Cueball nodded. “It’s an old island story, full of rumor and supposition, but the accepted version is that Lindy—one of the DeMour daughters and my old friend Vivian’s sister—got herself pregnant around age fifteen. That wasn’t what you’d call socially acceptable back then, and it wasn’t ordinarily discussed. The family tried to keep it a secret but the child was kidnapped and disappeared just as if it were dead. The kid reappeared years later as part of the Pense family, a lesser but still Old Island family who had moved to Houston.”
Cueball paused for a moment, thinking. “The Penses moved to Houston after the patriarch lost his money. Later, he apparently lost his mind and killed himself. Harrison Lynch never even knew he was related to the DeMours until much later.
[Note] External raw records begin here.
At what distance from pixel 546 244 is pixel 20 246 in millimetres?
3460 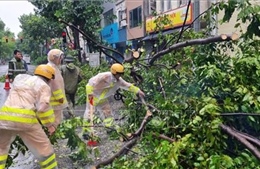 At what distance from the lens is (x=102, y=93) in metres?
7.01

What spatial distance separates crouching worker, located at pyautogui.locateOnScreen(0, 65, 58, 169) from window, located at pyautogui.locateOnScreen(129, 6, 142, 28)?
23294mm

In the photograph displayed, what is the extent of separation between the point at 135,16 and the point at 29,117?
25.3 m

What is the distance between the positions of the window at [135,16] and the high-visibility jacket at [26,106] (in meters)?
23.3

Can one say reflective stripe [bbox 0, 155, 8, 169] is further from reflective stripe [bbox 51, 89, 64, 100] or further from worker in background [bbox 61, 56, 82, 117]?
worker in background [bbox 61, 56, 82, 117]

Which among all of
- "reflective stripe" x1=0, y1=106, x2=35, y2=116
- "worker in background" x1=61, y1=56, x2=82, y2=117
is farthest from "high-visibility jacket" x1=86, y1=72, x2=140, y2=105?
"reflective stripe" x1=0, y1=106, x2=35, y2=116

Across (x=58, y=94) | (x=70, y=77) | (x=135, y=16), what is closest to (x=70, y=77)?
(x=70, y=77)

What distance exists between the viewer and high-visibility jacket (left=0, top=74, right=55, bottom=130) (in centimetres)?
435

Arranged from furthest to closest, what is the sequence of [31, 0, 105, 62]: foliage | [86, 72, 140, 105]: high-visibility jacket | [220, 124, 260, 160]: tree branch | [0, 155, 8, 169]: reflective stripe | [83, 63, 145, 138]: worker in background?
1. [31, 0, 105, 62]: foliage
2. [86, 72, 140, 105]: high-visibility jacket
3. [83, 63, 145, 138]: worker in background
4. [0, 155, 8, 169]: reflective stripe
5. [220, 124, 260, 160]: tree branch

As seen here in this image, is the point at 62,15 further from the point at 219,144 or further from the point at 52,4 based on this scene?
the point at 219,144

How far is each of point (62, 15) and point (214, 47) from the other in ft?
39.4

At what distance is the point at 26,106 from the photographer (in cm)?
438

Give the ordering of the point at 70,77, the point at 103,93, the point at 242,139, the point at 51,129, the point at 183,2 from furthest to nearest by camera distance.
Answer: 1. the point at 183,2
2. the point at 70,77
3. the point at 103,93
4. the point at 51,129
5. the point at 242,139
The story goes that Harrison was a mean little shit from the day he was whelped. There was no love lost between him and the Pense family. Jack was a straight arrow and Harrison was always in trouble. Jack got the good grades while Harrison alternated between flunking courses and getting two-week expulsions. Then he went from bad to worse and left town. Somewhere along the way Harrison got in a mess out in West Texas, jumped bond, and finally wound up killing a couple of people, one in Dallas and one in Houston.”
“They sent him up for life, right?” Micah asked.
Cueball shook his head and drained his glass in one long pull. “Not initially. He got two death penalties, but the Supreme Court moratorium on executions automatically commuted his sentences.”
“How long has he been out?” Micah asked, and followed suit with his own glass.
“From the Dreyfus Unit the other side of Houston? Since yesterday morning,” Cueball said.